- _Assignment_: In the entries that follow, find the line containing "Taurus G3C 9mm" and the line containing "在庫あり即時発送、完売後は再入荷いたしません。Monenjoy ゼンレスゾーンゼロ オルペウス", then copy exactly everything from the first through the second except the pictures.

- _Entries provided_:
◇ ◇ ◇
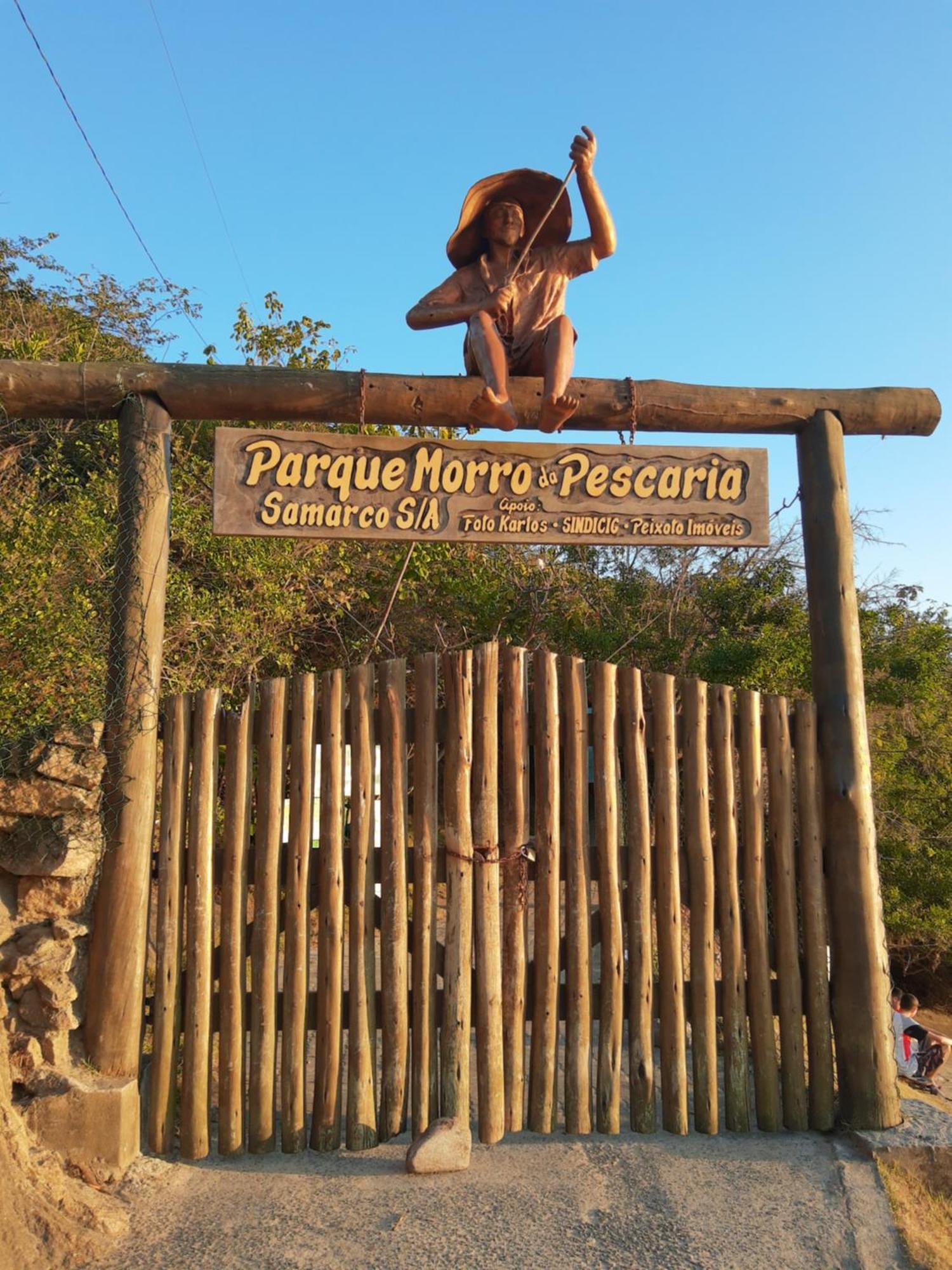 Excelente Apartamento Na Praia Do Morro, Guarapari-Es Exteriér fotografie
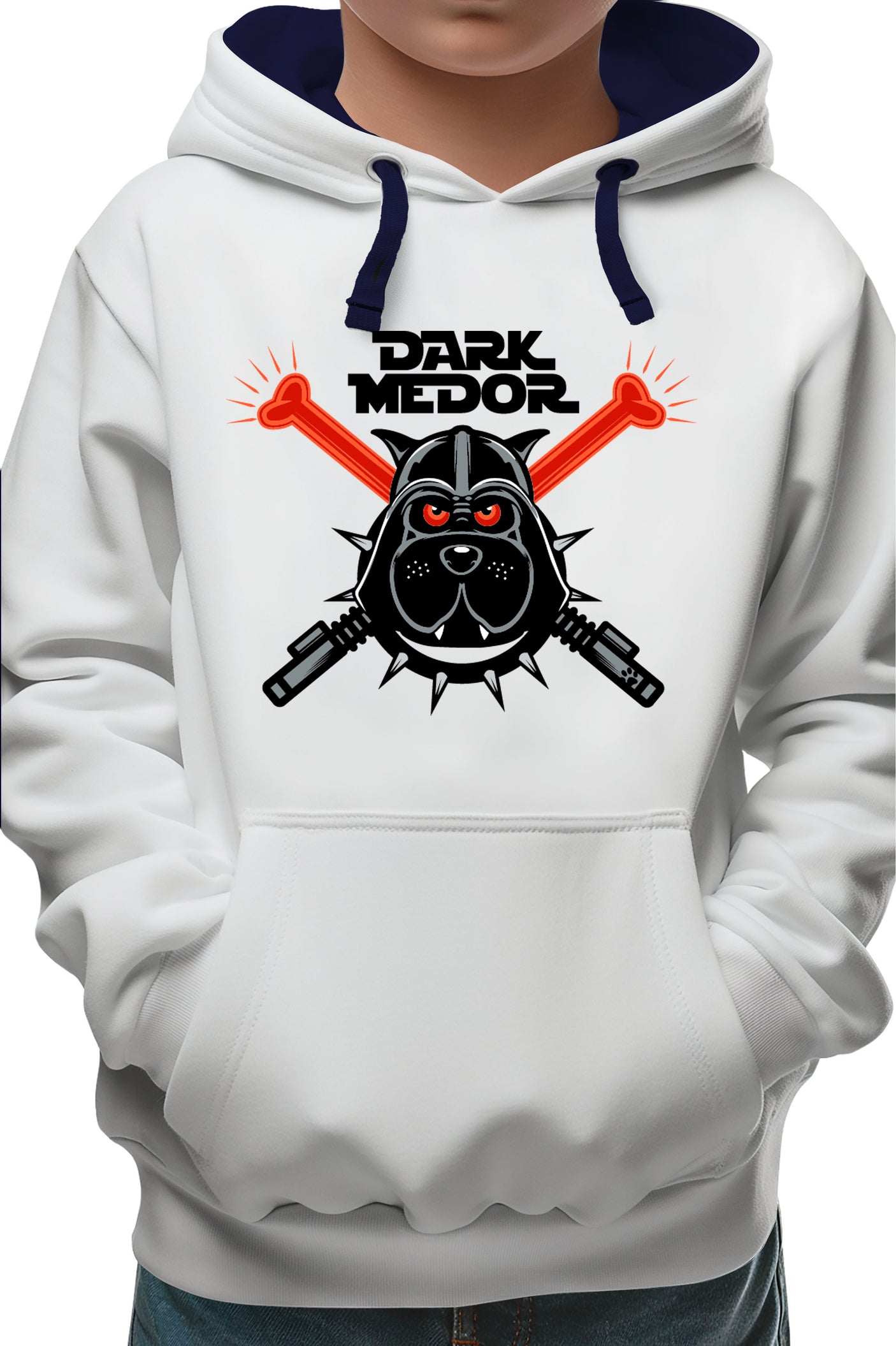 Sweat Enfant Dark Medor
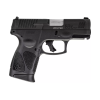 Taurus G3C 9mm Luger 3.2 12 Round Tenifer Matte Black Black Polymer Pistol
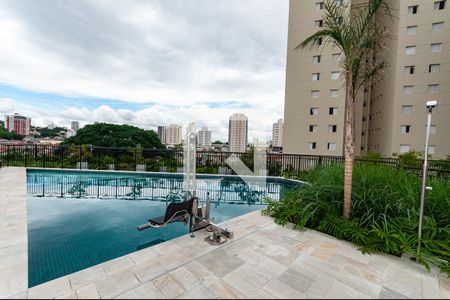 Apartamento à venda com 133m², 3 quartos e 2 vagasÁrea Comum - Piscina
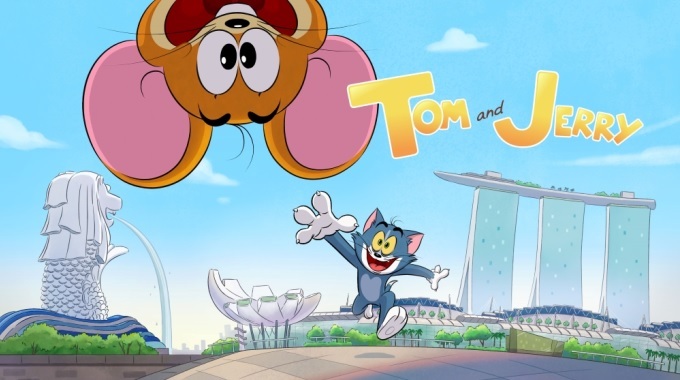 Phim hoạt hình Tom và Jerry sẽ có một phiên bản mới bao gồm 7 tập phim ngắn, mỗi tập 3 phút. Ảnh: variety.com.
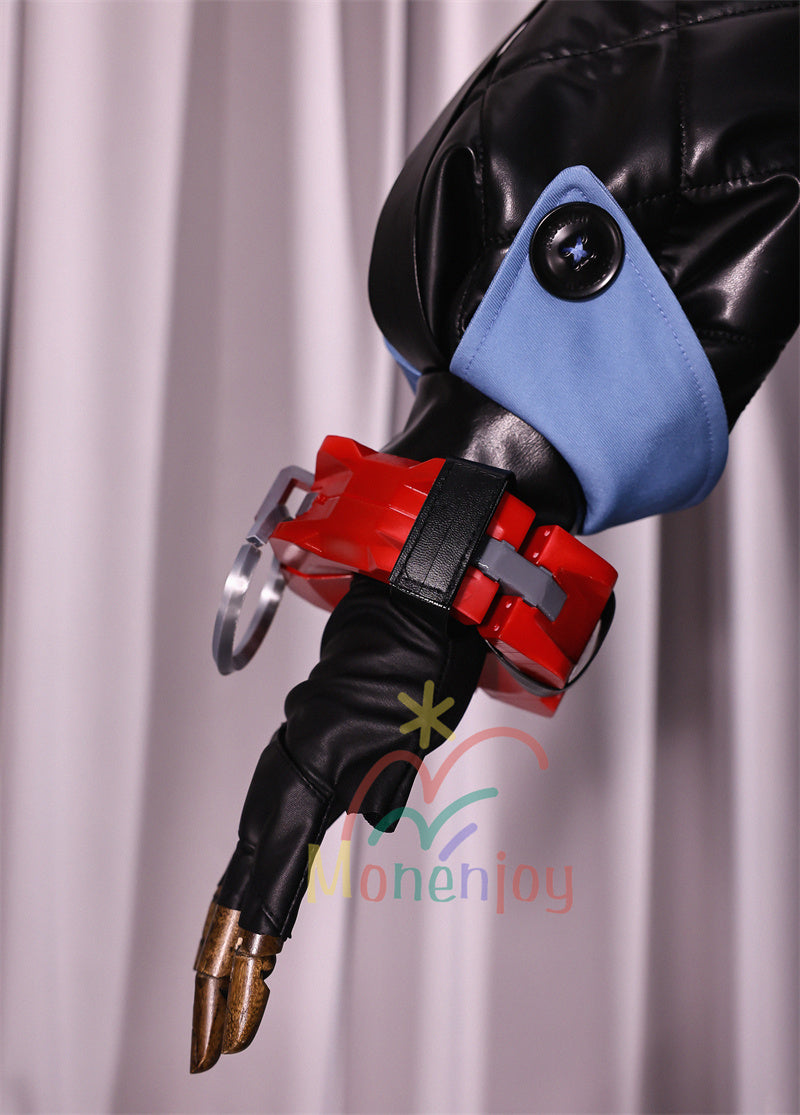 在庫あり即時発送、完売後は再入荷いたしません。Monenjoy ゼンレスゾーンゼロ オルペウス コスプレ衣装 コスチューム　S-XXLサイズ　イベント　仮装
◇ ◇ ◇
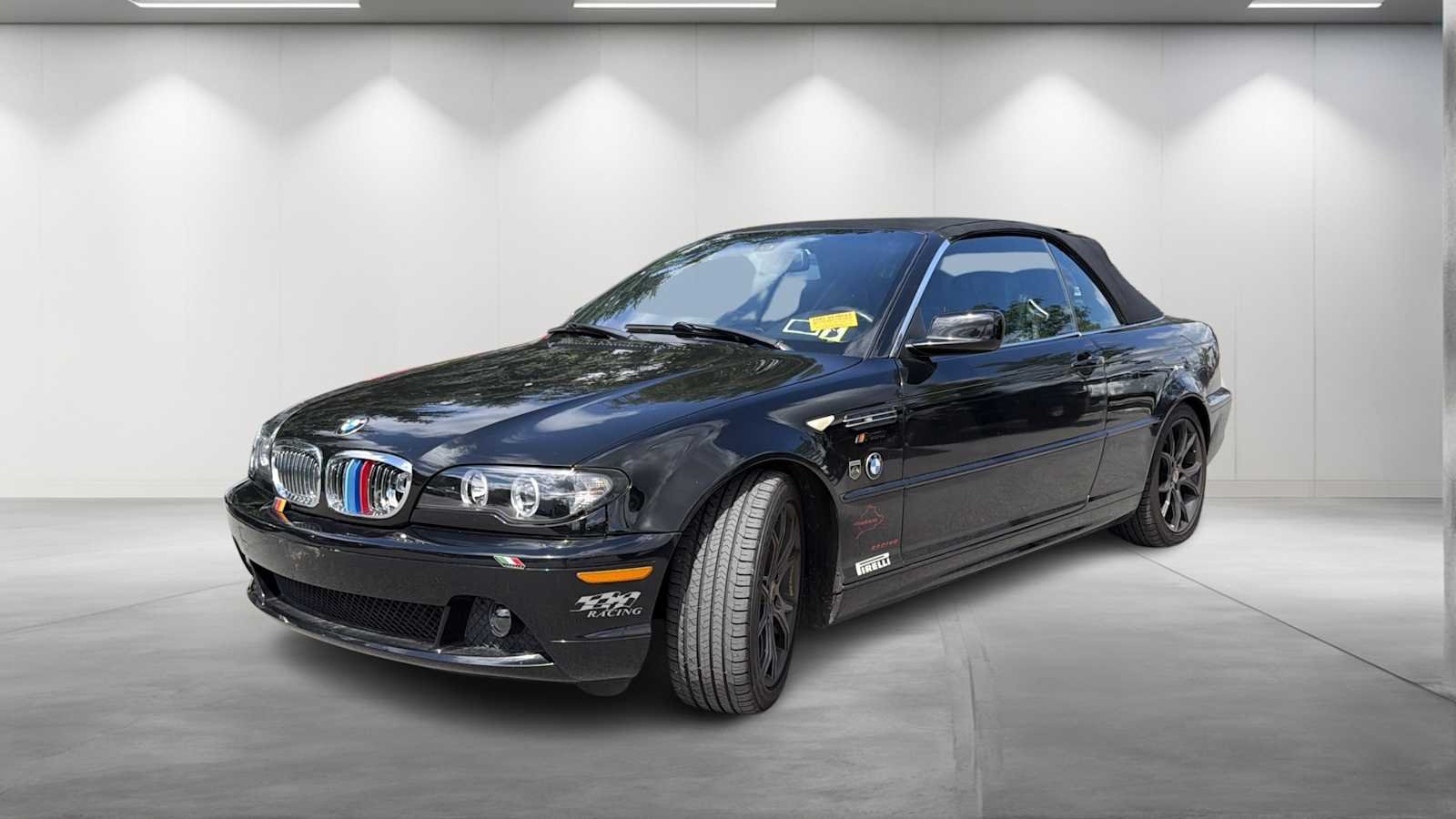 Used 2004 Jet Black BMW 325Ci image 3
◇ ◇ ◇
- _Response area_:
 Taurus G3C 9mm Luger 3.2 12 Round Tenifer Matte Black Black Polymer Pistol
 Apartamento à venda com 133m², 3 quartos e 2 vagasÁrea Comum - Piscina
 Phim hoạt hình Tom và Jerry sẽ có một phiên bản mới bao gồm 7 tập phim ngắn, mỗi tập 3 phút. Ảnh: variety.com.
 在庫あり即時発送、完売後は再入荷いたしません。Monenjoy ゼンレスゾーンゼロ オルペウス コスプレ衣装 コスチューム　S-XXLサイズ　イベント　仮装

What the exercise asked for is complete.